**EXTRACTED DATA**.

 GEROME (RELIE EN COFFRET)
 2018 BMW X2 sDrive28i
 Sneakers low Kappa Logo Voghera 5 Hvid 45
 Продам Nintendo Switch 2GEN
* * *
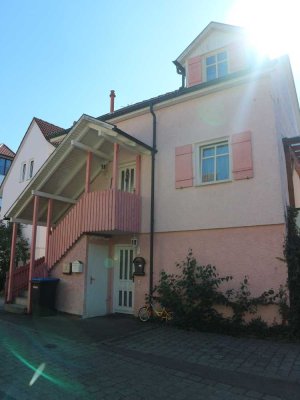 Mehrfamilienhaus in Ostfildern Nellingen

**TASK ITEM**. Given the records above, restate word for word only the lines starting at the one with "Sneakers low Kappa Logo Voghera 5 Hvid 45" and ending at the one with "Продам Nintendo Switch 2GEN".

**EXERCISE ANSWER**.
 Sneakers low Kappa Logo Voghera 5 Hvid 45
 Продам Nintendo Switch 2GEN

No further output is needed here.